Updated at 4:02 p.m.
Opposition is building against a Trump-administration plan to allow certain groups of protected Vietnamese immigrants to be deported, a day after The Atlantic reported that the U.S. is reinterpreting an agreement with Vietnam that shielded some of them from being moved out of the country.
In the latest sign of growing worry over the efforts, a group of at least 22 members of Congress have signed a letter addressed to the White House, as well as the Department of Homeland Security and the State Department, to express “deep concern” over attempts to rework the 2008 accord between the U.S. and Vietnam. John Kerry, a former secretary of state and Vietnam War veteran, echoed those concerns, calling the shift “despicable.” That deal protected Vietnamese nationals who came to the United States before July 12, 1995, and committed crimes during their time in the U.S., from the threat of deportation. That specific date, which was when Washington and Hanoi established diplomatic relations, covered those fleeing the Vietnam War.
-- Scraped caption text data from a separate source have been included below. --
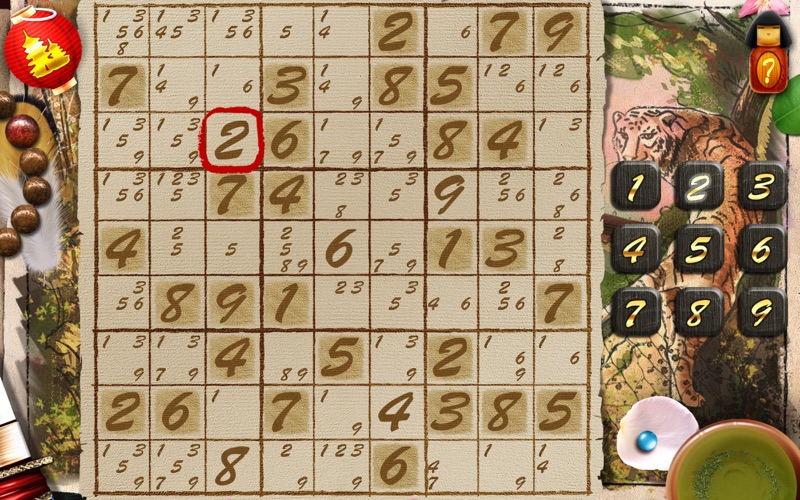 Screenshot #2 pour Sudoku Ronin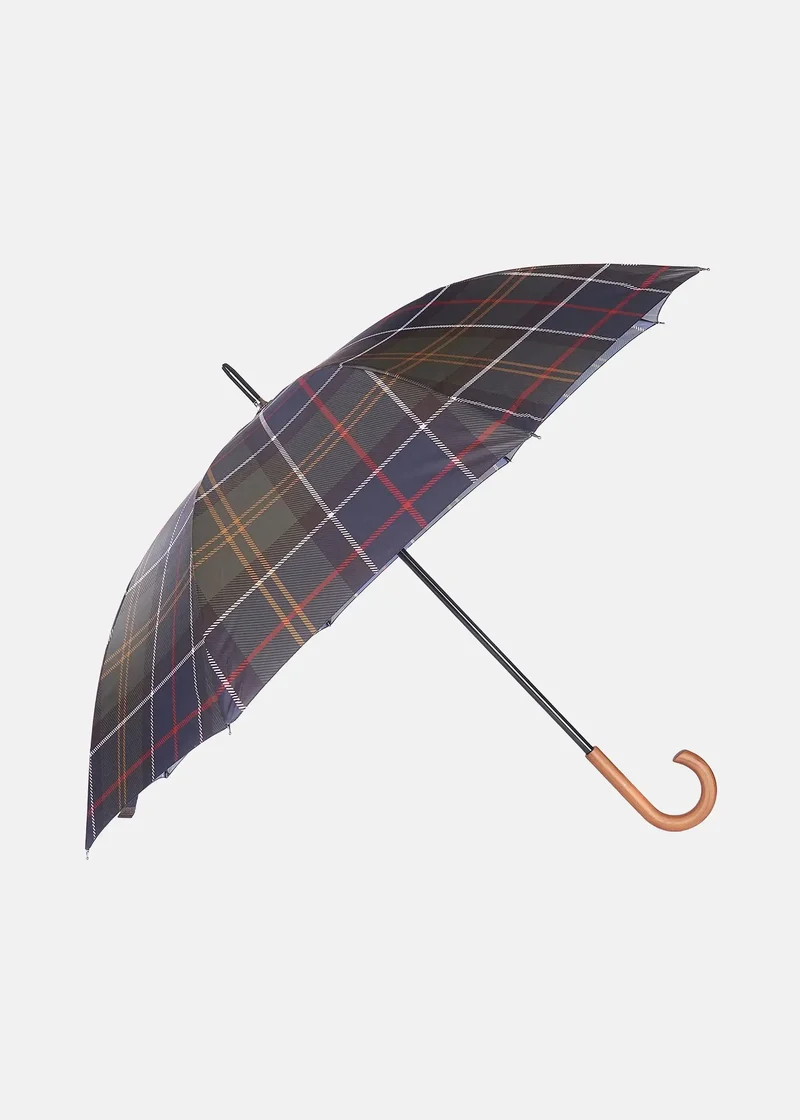 Grand parapluie Barbour marine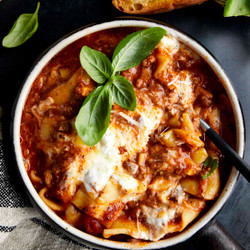 Crockpot Lasagna Soup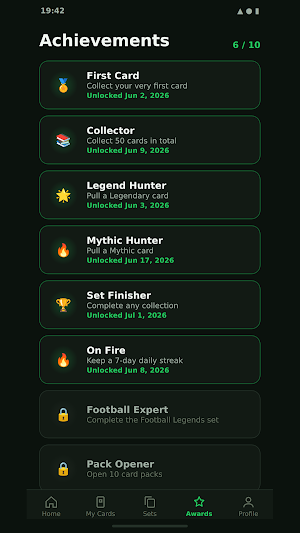 L Sports Cards Screenshot 0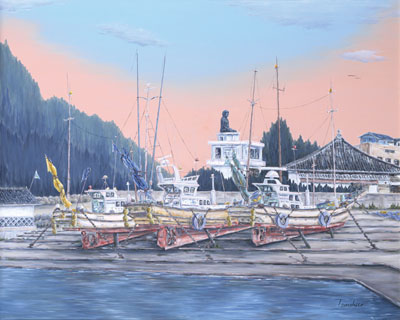 第121回 太平洋展 出展作品 | 太平洋美術会
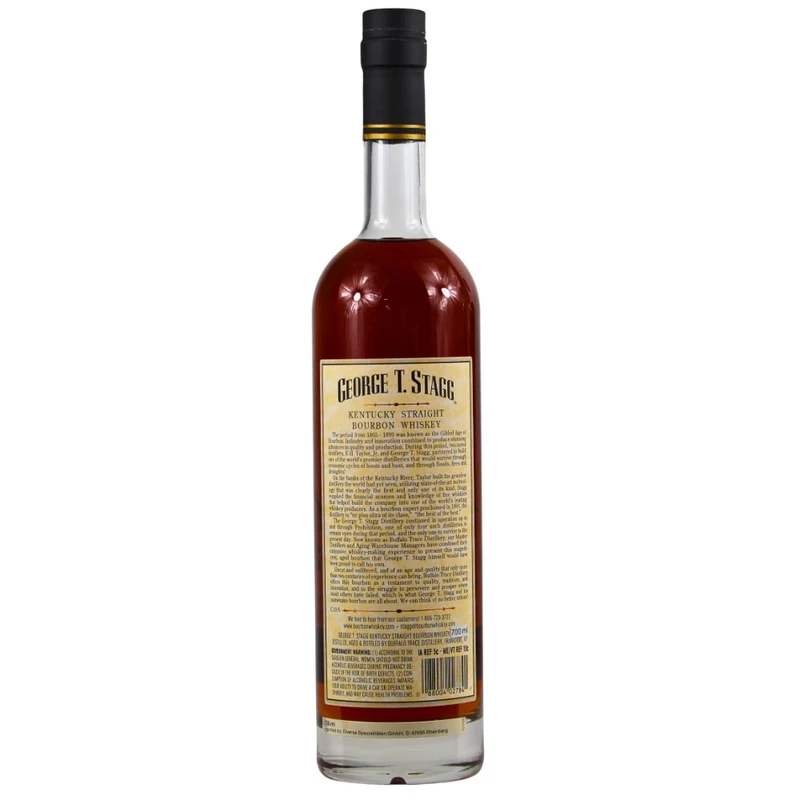 George T.Stagg Bourbon Whiskey 62,45% 0,75l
In essence, the Trump administration has now said it believes that the agreement allows for a wider number of Vietnamese migrants to be deported.
In their letter, the 22 lawmakers—all Democratic members of the House of Representatives— acknowledged that many young Vietnamese refugees, upon arrival in the United States, “were resettled in struggling neighborhoods without support or resources to cope with significant trauma from the [Vietnam] war.”